Back when Steve Jobs introduced the original iPhone, he went on and on about how Apple decided to use the most natural stylus, your finger, for navigating the newly designed touchscreen. The advantages were obvious: You already know how to use your finger (no, not THAT finger), you can’t misplace it and it’s always there, ready to use. But truth be told, I am an artist (designer, actually) by trade and I haven’t painted with my finger since I was seven. And I use a Wacom tablet in my work – a lot. So I depend on a stylus and I am quite comfortable using one. But is there a stylus made for the iPhone/iPad that I might actually want to use? Yeah, there is and it’s called the AluPen, from Just Mobile.
When Jobs stated his reasons for no stylus being necessary, I agreed. When I bought my first iPhone, I thought it was genius that I could use my fingers to type, tap, scroll, drag and pinch. Pretty cool. Then I downloaded Autodesk’s SketchBook Mobile. All of a sudden, my finger wasn’t so cool, anymore. Try taping a pencil to your finger and draw something. It feels really weird and – sorry, Steve – it’s not natural. But a pencil is. And everyone is familiar with them.
The people at Just Mobile thought about this and so, they designed a pencil for the iPhone/iPad. Well, it’s not really a pencil, but it sure look like one. What it is, is a hexagonal shaped aluminum stick with a black tip attached. That’s pretty much it. But Just Mobile collaborated with Tools Design to make it look and feel like the pencil we all know and use. And the result is a thing of beauty. The AluPen really does look cool and feels good in your hand.
At first glance, it looks and feels fat, which it is. But because it’s aluminum, it’s really light and cool to the touch. The black tip is rounded, not “sharp” at all and it’s soft and a bit squishy. That’s weird. The softness bugged me until I realized why it’s soft. It mimics the finger tip.

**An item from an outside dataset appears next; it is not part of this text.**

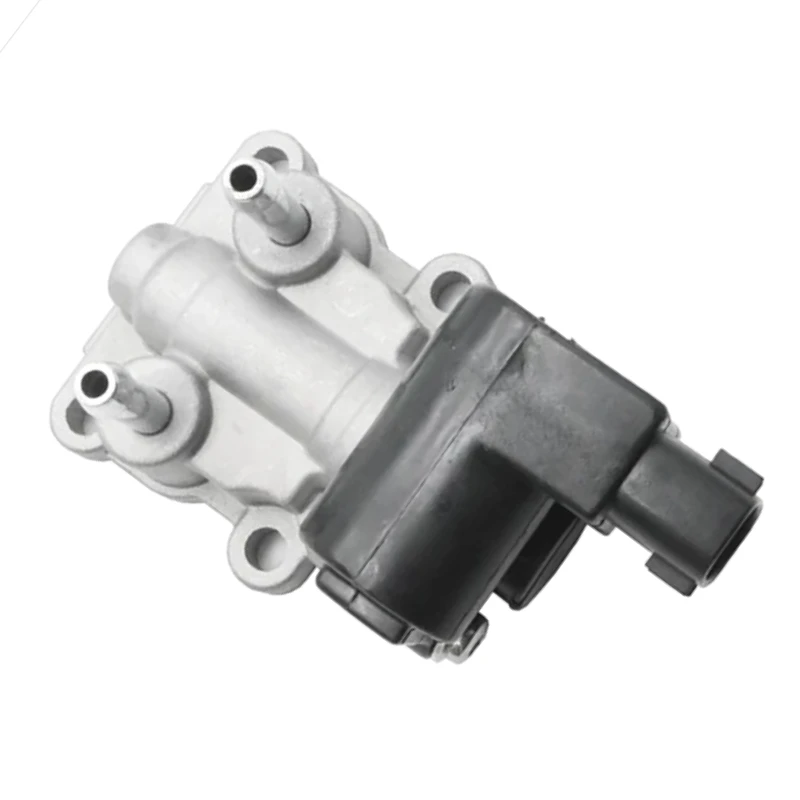 Idle Air Control Valve 22270-23010 for Toyota Yaris 1.0L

Try dragging or tapping on your iPad with a real pencil or other hard stylus and it’s won’t do anything. But with its soft tip, the AluPen fools the iPad into thinking you’re using your finger.

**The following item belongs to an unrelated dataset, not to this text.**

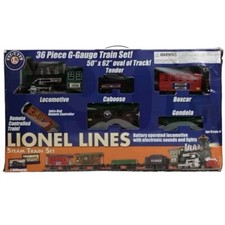 Lionel lines piece for sale  Laredo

Now, when I am doodling in Sketchbook, it’s a more natural feeling when I just sketch like I always have… except when it isn’t. There is (for me) one major flaw to the AluPen, and it’s not even Just Mobile’s fault. When I sketch, I rest my hand on the paper so my arm doesn’t get tired and it gives me more control of the pencil. However, using the AluPen on an iPad required that I lift my hand off the screen while sketching. Because if I didn’t, my hand or another finger would start drawing, too. Not good. I really don’t know what the solution is at this point. But we are only in the first version of the iPad and maybe in the future, there will be settings that will correct for that. Note that because of the its relatively small screen size, this was not an issue with the iPhone.
For its intended market, the AluPen is fun, comfortable and genius in its simplicity. But it is hampered by the limitations of products it was designed to work with.